MOA: Aromatase Inhibitors

Answer 30

Aromatase = enzyme complex that usually converts androgens into estrone in fatty tissues (breast)

MOA Aromatase Inhibitors:

Blocks actions of aromatase, blocks conversion of androgens into estrone -> decreases level of estrone in some post-menopausal women with breast cancer

Question 31

Bevacizumab

MOA:

Answer 31

Bevacizumab is a monoclonal antibody (signal transuduction modulator)

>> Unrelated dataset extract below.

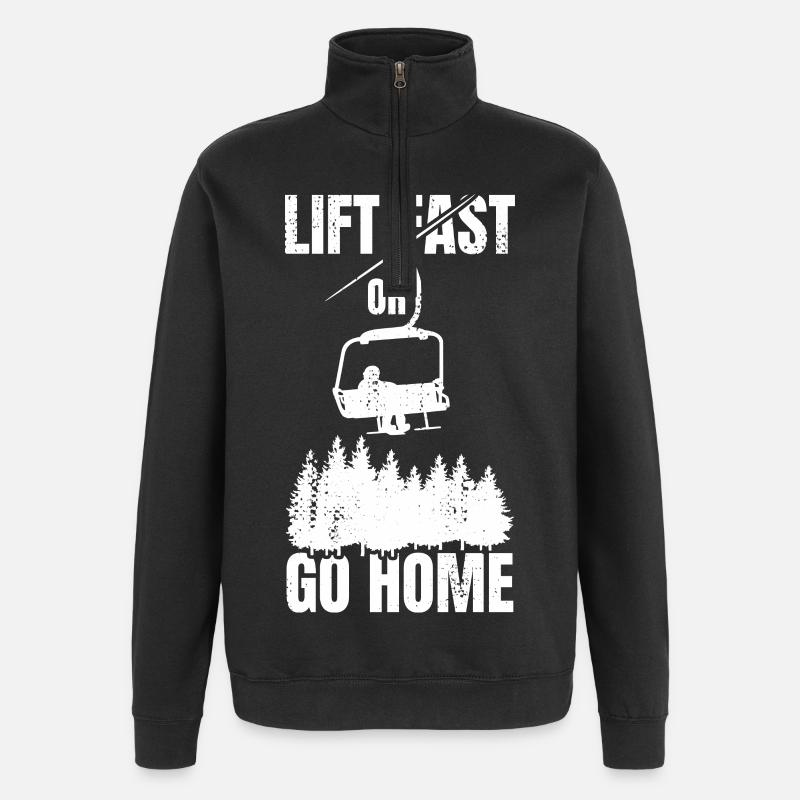 Soulevez rapidement ou rentrez chez vous - Sweat à zip 1/4 - noir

MOA: Blocks angiogensis by inhibiting vascular endothelial growth factor [VEGF].

Works for a limited amount of time and then cancer is able to adapt. :(

Question 32

Bevacizumab SE:

Answer 32

Hypertension with monoclonal antibodies = 35-45%

Question 33

Complete Response:

Answer 33

Complete dissapearance of all cancer without evidence of new disease for at least 1 month

Question 34

Partial Response

Answer 34

50% reduction in tumor size or other objective markers.

Question 35

Stable Disease:

Answer 35

A patient whose tumor size neither grows nor shrinks by more than 25%

Question 36

Progression

Answer 36

25% increase in tumor size or development of new lesions while on treatment.

Question 37

Most Common Drugs to cause problematic extravasation: (classes)

Answer 37

Anthracyclines

Vinca Alkaloids

Taxanes

Question 38

Alkylating Agents

MOA:

Answer 38

Alkylating Agents

MOA: Reactive alkyl groups form covalent bonds with nucleotide bases in DNA, RNA

“Cross-linkes guanine on the DNA helix, thereby making DNA stuck in coil. If it cannot uncoil, it cannot replicate.”

Question 39

To prevent methotrexate nephrotoxicity:

Answer 39

Alkalinize urine and hydrate!

Renal toxicit is usually permanent.

Question 40

In case of GI upset r/t methotrexate and 5FU

Answer 40

perforation is possible (more so for 5FU) and would be complicated by thrombocytopenia.

Question 41

Hydroxyl Free Radicals with Anthracyclines

Answer 41

Free radical production is greately stimulated by the interaction of doxorubicin with iron (blood)

Question 42

Anthracycline

Toxicities:

Answer 42

Anthracycline

Toxicities:

Doxorubicin/Daunorubicin

1. Substanial Bone Marrow Suppression
   * Anemia, thrombocytopenia, low WBC 70% of patients
2. Red/Orange Urine/Sweat
3. Cardiotoxicity

• May be more sensitive to cardiac depressive side effects of anestheticis even if normal resting echo.
• Cumulative

Question 43

Cardiotoxicity of Anthracyclines

Acute vs Chronic

Answer 43

Caused by free radical production.

Acute: 10% -> Transient and Rare

• Tachycardia
• Arrthymias
• ECG chagnes and acute ECF reduction
• Usually lasts 1-2 months

Chronic: 2% with 60% fatality

• Severe cardiomyopathy/CHF
• Related to cumulative dose
• Protective Therapies
  
  • Dexrazone: prevents free radical formation
  • ACE-Inhibitors

Question 44

Bleomycin in lymphoma patients

Answer 44

High risk for hypersensitivity.

Can cause fever, chills, confusion, hypotension, wheezing.

Test dose is reccomended for lymphona patients before standard doses.